Have you been arrested for a DUI in the state of Oregon? If so, you were probably asked to take a breath test among several other things. If you refused the breath test or blew .08% or above, the officer who arrested you still has more work to do. The officer’s next step is to submit paperwork to the DMV for your driver’s license to be suspended. The suspension can be for anywhere between 90 days to three years. The length of your suspension depends on your prior driving record and other circumstances. This process seems pretty straightforward, however, Reynolds Defense Firm thinks it is important for you to request a DMV hearing. Why? You may think the officer did everything correctly during your arrest. The truth is you honestly don’t know what was done accurately until you have a DMV hearing.
How Do I Prevent A License Suspension?
The only way to prevent a driver’s license suspension is to request and win a DMV administrative hearing. Our attorneys at Reynolds Defense Firm know that your license is vital for you. We want you to continue driving to work, to school, and to other commitments that are important to you. The deadline for requesting the hearing is 5pm on the 10th day from your arrest and the DMV requires that the request be in writing.
How Do I Request A DMV Hearing?
A DUI law firm like Reynolds Defense Firm can request the hearing on your behalf. There is absolutely no downside to requesting a hearing. Not only can we be sure that we get the hearing scheduled on time, we will also make sure that the scheduled date works for you. You will not be penalized or increase the length of your suspension if you request a hearing. Even if you lose the hearing, your suspension period does not change.

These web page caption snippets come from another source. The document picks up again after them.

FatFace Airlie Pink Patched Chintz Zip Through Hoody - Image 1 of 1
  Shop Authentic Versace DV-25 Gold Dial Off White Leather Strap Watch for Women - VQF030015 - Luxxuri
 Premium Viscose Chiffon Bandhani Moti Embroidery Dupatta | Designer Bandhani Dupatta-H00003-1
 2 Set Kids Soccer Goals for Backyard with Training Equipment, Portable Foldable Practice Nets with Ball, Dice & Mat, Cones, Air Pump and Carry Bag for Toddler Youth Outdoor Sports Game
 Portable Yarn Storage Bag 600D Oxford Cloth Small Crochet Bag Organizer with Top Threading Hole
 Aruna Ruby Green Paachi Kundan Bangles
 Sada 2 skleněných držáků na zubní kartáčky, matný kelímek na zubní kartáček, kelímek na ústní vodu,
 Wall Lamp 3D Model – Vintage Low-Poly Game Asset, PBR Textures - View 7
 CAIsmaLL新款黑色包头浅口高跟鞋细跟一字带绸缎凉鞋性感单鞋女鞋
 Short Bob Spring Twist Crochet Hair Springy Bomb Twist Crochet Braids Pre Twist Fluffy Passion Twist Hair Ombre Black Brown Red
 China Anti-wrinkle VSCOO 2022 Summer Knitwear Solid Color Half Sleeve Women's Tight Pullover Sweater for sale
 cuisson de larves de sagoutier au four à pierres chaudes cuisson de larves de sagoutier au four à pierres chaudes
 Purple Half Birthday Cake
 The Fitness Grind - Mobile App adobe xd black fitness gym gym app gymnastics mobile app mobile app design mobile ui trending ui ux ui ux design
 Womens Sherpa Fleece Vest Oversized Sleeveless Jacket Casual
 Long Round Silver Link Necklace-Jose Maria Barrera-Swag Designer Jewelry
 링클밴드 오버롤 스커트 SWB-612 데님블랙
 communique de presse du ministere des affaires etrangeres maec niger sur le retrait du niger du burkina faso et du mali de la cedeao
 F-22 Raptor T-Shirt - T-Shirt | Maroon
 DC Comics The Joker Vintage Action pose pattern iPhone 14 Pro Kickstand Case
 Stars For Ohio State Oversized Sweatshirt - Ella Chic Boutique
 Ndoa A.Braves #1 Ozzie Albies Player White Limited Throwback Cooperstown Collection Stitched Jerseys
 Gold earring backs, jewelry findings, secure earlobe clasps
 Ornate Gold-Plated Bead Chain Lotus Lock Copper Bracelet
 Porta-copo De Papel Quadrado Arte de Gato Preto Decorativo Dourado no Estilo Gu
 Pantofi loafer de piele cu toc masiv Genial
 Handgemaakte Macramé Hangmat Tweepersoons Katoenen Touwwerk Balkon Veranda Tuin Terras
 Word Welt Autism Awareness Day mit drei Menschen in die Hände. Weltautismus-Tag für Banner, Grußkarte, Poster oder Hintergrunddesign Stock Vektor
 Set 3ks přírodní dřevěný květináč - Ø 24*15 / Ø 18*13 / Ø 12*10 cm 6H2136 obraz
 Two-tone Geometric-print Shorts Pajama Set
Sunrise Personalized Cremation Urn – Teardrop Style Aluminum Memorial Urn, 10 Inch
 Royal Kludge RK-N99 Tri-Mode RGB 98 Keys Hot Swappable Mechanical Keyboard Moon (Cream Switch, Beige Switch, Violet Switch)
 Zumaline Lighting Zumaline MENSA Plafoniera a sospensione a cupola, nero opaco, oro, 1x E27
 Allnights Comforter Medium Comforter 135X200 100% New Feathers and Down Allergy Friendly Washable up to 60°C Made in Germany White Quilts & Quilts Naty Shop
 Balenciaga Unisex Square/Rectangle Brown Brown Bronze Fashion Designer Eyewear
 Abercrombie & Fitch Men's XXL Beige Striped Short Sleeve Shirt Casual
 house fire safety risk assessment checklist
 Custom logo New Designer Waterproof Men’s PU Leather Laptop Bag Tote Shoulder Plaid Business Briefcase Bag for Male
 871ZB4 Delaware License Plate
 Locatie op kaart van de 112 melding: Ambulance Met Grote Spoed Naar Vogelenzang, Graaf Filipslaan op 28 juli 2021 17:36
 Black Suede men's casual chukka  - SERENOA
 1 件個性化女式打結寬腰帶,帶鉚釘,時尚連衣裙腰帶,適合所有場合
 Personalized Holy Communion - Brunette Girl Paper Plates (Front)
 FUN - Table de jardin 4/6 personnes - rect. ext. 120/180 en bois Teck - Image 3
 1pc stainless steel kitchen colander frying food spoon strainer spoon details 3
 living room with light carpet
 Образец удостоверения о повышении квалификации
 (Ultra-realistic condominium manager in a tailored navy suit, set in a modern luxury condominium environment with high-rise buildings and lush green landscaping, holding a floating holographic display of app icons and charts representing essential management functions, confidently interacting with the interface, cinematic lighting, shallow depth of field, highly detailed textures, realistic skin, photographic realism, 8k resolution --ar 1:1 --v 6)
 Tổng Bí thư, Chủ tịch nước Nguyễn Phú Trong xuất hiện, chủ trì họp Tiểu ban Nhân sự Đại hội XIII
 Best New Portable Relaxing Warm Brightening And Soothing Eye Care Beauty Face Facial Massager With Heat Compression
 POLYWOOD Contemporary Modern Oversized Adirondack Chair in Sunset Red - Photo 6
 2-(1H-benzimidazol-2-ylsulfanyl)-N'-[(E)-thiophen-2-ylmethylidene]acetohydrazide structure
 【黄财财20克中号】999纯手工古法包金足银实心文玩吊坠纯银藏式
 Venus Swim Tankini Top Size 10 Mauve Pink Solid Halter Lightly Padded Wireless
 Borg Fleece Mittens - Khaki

What Happens At A DMV Hearing?
The officer you interacted that night will be questioned specifically about whether they followed the law during the arrest. Sometimes officers do not follow the law as they should or did not follow the rules regarding the administration of the breath test. We generally tell clients that there is about a 20 percent chance of winning a DMV hearing. Granted, this is not the greatest of odds, but much better than no odds at all. DMV hearings are also very valuable trial preparation. Your attorney will be able to cross examine the officer, and use the transcript from the hearing at trial to impeach the officer’s testimony. Last but not least, the strengths and weaknesses of your case will come through after your attorney has the opportunity to examine an officer at a DMV hearing.